There is a wonderful paradox between the silence of Quaker meetings and the loud rambunctiousness of meal time. The contrast is a delight and – as a Yearly Meeting “newbie” – engaging and attractive.

It has taken more than 50 years to get to my first Yearly Meeting. As the son of a lapsed birth right Quaker, turned atheist, the journey this far has been very stop/start. Occasional conversations with my Aunts – who retained some involvement and enormous affection for Friends – fed my curiosity but invariably raised many questions.

I had made it to the threshold of local Meetings over that half century on a number of occasions but turned back. I’d make disparaging rationalisations to myself, and anyone else listening, about the “socks and sandals brigade” with its implied dismissal on the grounds of Friends’ naïve other-worldliness.

Yearly Meeting in Canberra provided another wonderful layer to these halting steps. As with the meetings I have been attending over the past nine months Yearly Meeting felt simultaneously familiar and unfamiliar.

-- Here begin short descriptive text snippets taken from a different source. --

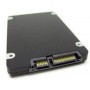 Fujitsu S26361-F5677-L240 drives allo stato solido 2.5" 240 GB Serial ATA III (S26361-F5677-L240)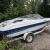 1995 Bayliner capri 1850 ls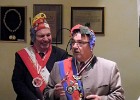 2016-04-02 Einritt 24 bei 30 008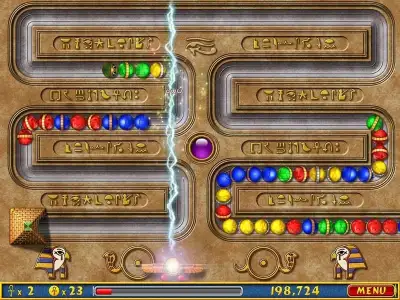 Screenshot 7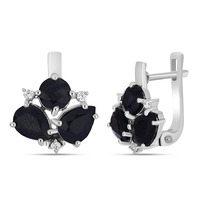 ������, ������ ������, ����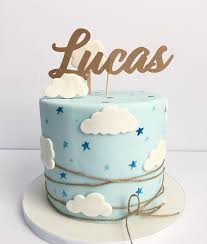 These days, it isn't uncommon to have couples showers, give gift cards instead of actual gifts, or hold an unconventional event like a virtual shower. 15 Gorgeous Boy Baby Shower Cakes Find Your Cake Inspiration
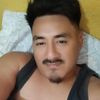 robinnajera46
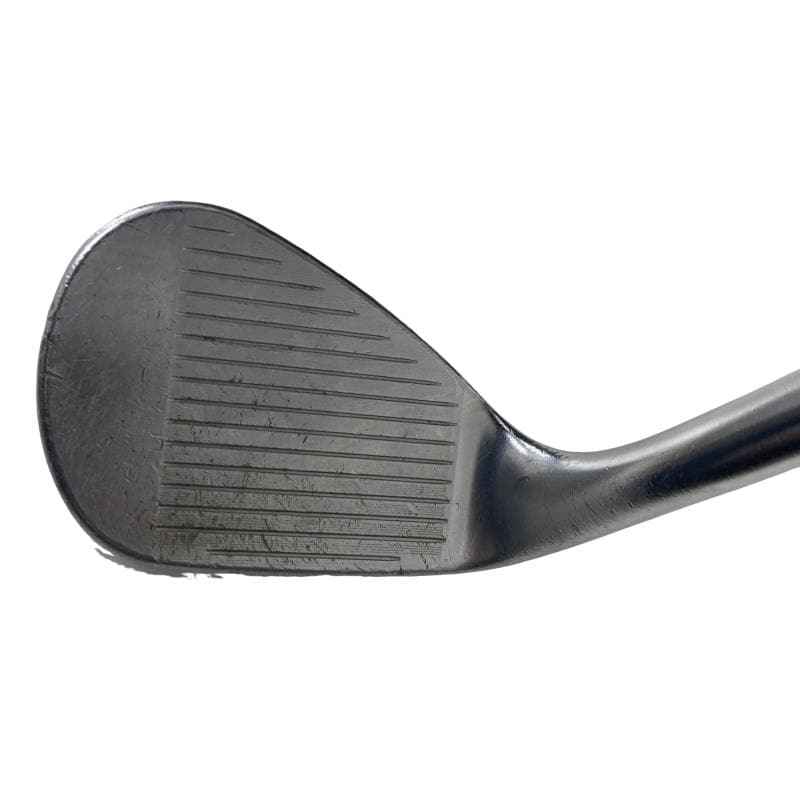 l`bj@c`ccx@enqfdciQOPXj@NbL@TW°^PO°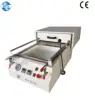 vacuum forming machine open source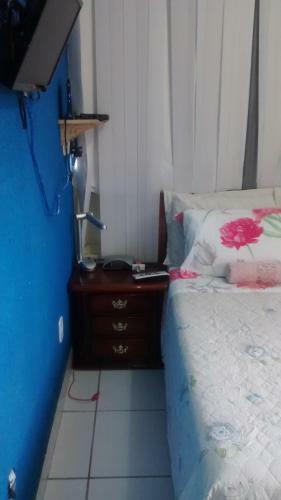 Apartamento Kitinet Bras�lia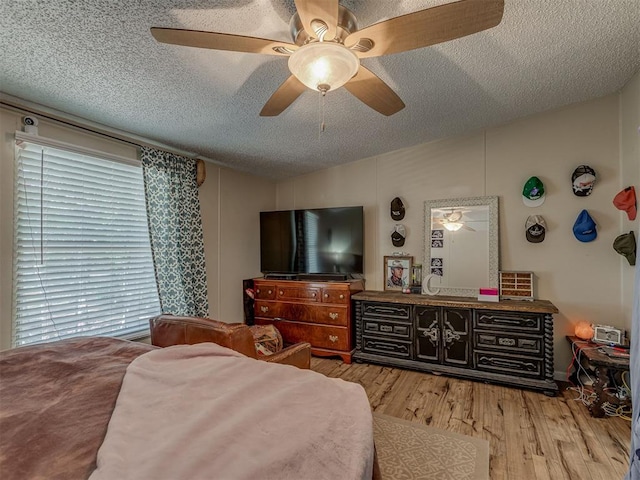 13706 Oak Grove Ct, Shawnee, OK 74804 - photo 14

For me Yearly Meeting underlined powerfully how much of Quakerism is tacit. It had long confused me that my articulate Aunts struggled so hard to answer my questions. It was Yearly Meeting that explained a great deal about their difficulties. Compared with my small worshipping group meeting fortnightly, Canberra Yearly Meeting felt like full immersion.

Some very subjective and selective impressions:

· The number of smiling, welcoming faces wanting to ensure I felt comfortable at Yearly Meeting

· The small number of 20-50 year olds at the regular sessions (broken by a broader representation at the Backhouse Lecture)

· The string of no-fuss, no-bother, active demonstrations of gender equality

· The number of apparently gentle-men, comfortable in their own skins without any sense they felt a need to bluff and bluster

· In my professional life, where a good decision is most often a fast one and the pithiest one-liner will often win the day, Meetings for Business were an intriguing eye opener

· The sight of Friends wrestling with their passionate and heartfelt positions on vital issues and their equally strong commitment to Quaker process and to working with their fellows.

Quakers’ long history of adopting prescient, ethical positions – almost invariably in the face of opposing public opinion – has been an inspiration to me for decades. I am looking forward to learning more about this experientially and spiritually in my continuing journey with Friends.